RemovePathBinary 'pkg-config'

(Modifying PATH would be more gentle, but in my opinion it's more brittle and not worth it.)

I tried different Go versions:

  • go1.20 and go1.20.11 do not repro.
  • go1.21.0 through go1.21.4 all repro.

A basic C repro-attempt program compiles and runs fine with gcc .\main.c -o hello-world -lsynchronization:

#include <stdio.h>
#include <windows.h>

int main() {
    printf("Hello, world!\n");
    WakeByAddressSingle(&main);
    return 0;
}

It would seem Go 1.21 did in fact introduce some regression when also using this old version of MinGW. Comparing the resulting binaries to try to narrow down a difference seems like the next step if the goal is to make this work in Go 1.21 (or Go 1.22).

I question if that's worthwhile vs. dropping this 5-years-old MinGW build.

We can use this issue to track that question/effort, and I've opened #1085 to more generally start testing win2019+MinGW in our CI to try to spot this kind of thing ahead of time in the future.

I ran some experiments in our public CI, and had a tough time using Chocolatey. I think you might have noticed the same thing, because you're using --version 12.2.0.3042023 in your PR rather than the latest version 13.2.0. Here's what I saw, with the caveat that I'm not an expert with Chocolatey so I might have misunderstood something I saw:

  • 12.2.0.3042023 appears to generate shim binaries for each MinGW tool, making them accessible in the machine's PATH.
    • However, the win2019 image's SourceForge install is earlier in PATH, so the Chocolatey install has no effect.
  • 13.2.0 attempts to adjust the machine's PATH to point at the MinGW installation.
    • This doesn't seem to work because the CI process is running. Whatever Chocolatey is doing, it doesn't affect the current step or future steps. It seems focused on a developer workstation.

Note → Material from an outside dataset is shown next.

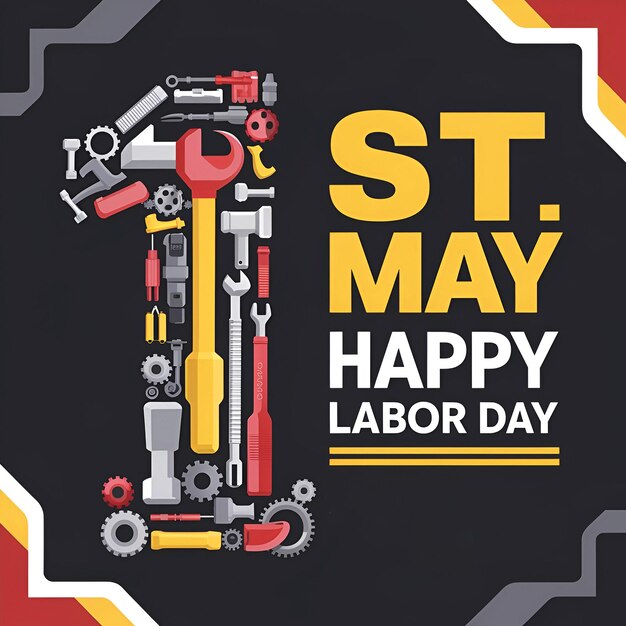 Happy Labour Day concept colorful tools and equipment symbolizing labor and work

So, I prototyped a Go tool that can download and install various MinGW versions and automatically add it to PATH in the expected GitHub Actions and AzDO ways:

That PR has a GitHub Actions run that shows the fresh MinGW installation working. I'm not totally sure yet if we can commit to maintaining that MinGW tool for use in general CI, so I don't know if it makes sense to use it directly (yet).

Next steps for this issue are:

  • I'll post a comment on containerd/containerd#9288 with what I see as the current ways to work around this issue.
  • File an issue with the VM image maintainers to suggest updating this outdated MinGW build. (Then no change would be necessary for your CI.)
  • Finish microsoft/go-infra#95
  • Find why this repros in Go 1.21 but not 1.20.
    • I see this as a low priority: I expect it will have to do with golang/go@cc82867 and not be something that can be fixed.

containerd/containerd#9288 is merged! ๐ŸŽ‰ Closing as complete.

Windows 2019 is EOL as of today (strange coincidence), so we no longer plan to add CI for it. However, I filed #1105 to test various MinGW versions going forward.

I never got to the bottom of why exactly it happens in Go 1.21 but not 1.20, but it doesn't seem necessary.